Men prefer to believe that they are degenerated angels, rather than elevated apes.
— Winwood Reade
In The Martyrdom of Man (14th ed., 1892), 392.
The essence of religion is inertia; the essence of science is change. It is the function of the one to preserve, it is the function of the other to improve. If, as in Egypt, they are firmly chained together, either science will advance, in which case the religion will be altered, or the religion will preserve its purity, and science will congeal.
— Winwood Reade
In The Martyrdom of Man (1876), 41.
The philosophic spirit of inquiry may be traced to brute curiosity, and that to the habit of examining all things in search of food.
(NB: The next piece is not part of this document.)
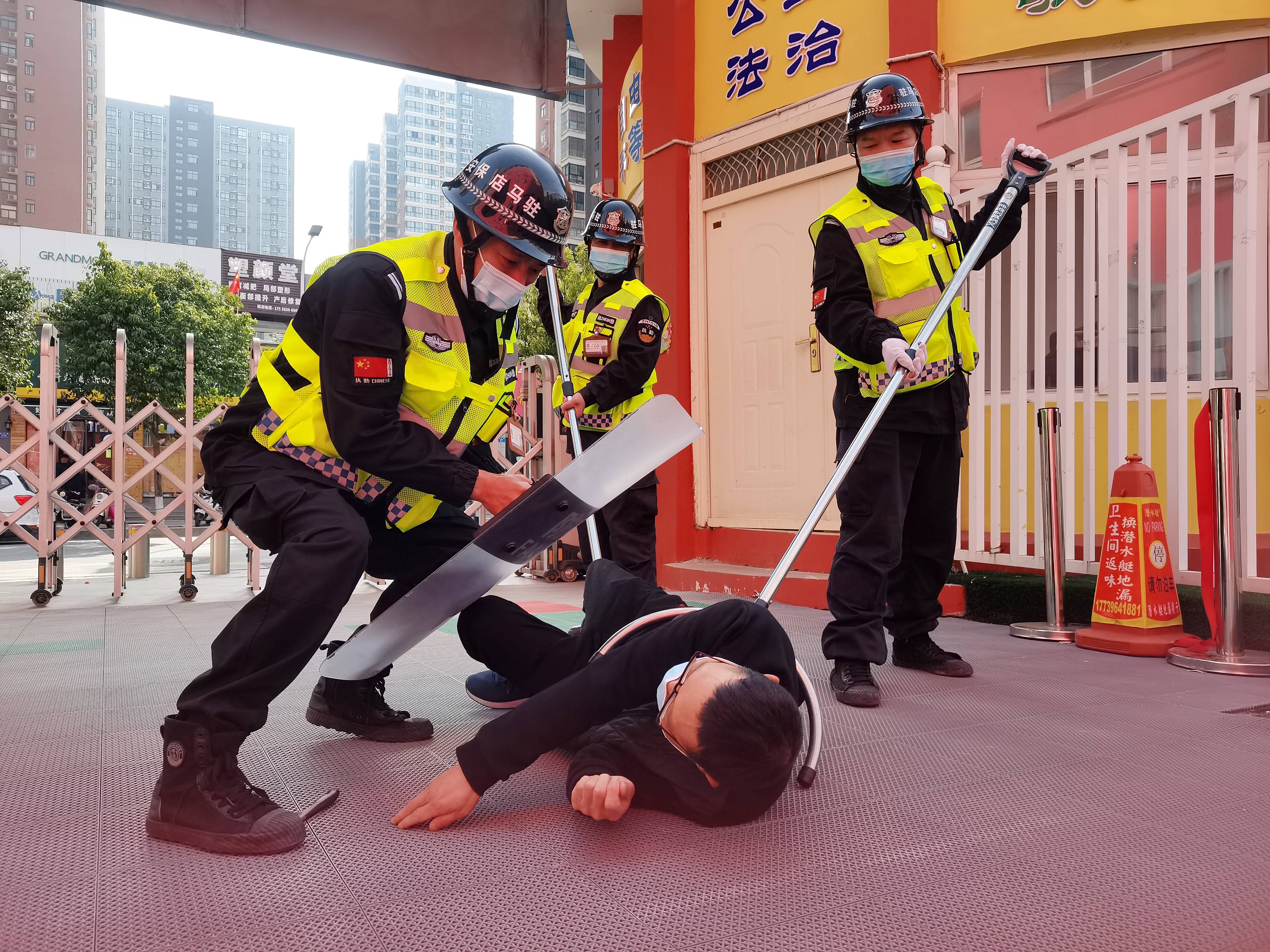 驻马店市实验幼儿园开展防恐防暴应急演练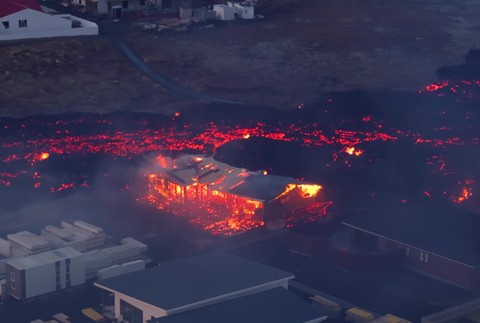 [multi] Grindavík erupcia sopka láva január 2024 5493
Artistic genius is an expansion of monkey imitativeness.
— Winwood Reade
In The Martyrdom of Man (14th ed., 1892), 392.
The spirit of science arises from the habit of seeking food; the spirit of art arises from the habit of imitation, by which the young animal first learns to feed; the spirit of music arises from primeval speech, by means of which males and females are attracted to each other.
— Winwood Reade
In The Martyrdom of Man (1876), 443.
Quotes by others about Winwood Reade (1)
Winwood Reade … remarks that while a man is an insoluble puzzle, in the aggregate he becomes a mathematical certainty. You can, for example, never foretell what any one man will do, but you can say with precision what an average number will be up to. Individuals vary, but percentages remain constant. So says the statistician.
Character Sherlock Holmes recommends Winwood Reade’s book The Martyrdom of Man to Dr. Watson in The Sign of the Four (1890), 196. Earlier in the novel, Holmes calls Reade’s book “one of the most remarkable ever penned.” Reade is a real person and his book was published in 1872. The actual statement in it reads: “As a single atom man is an enigma: as a whole he is a mathematical problem.”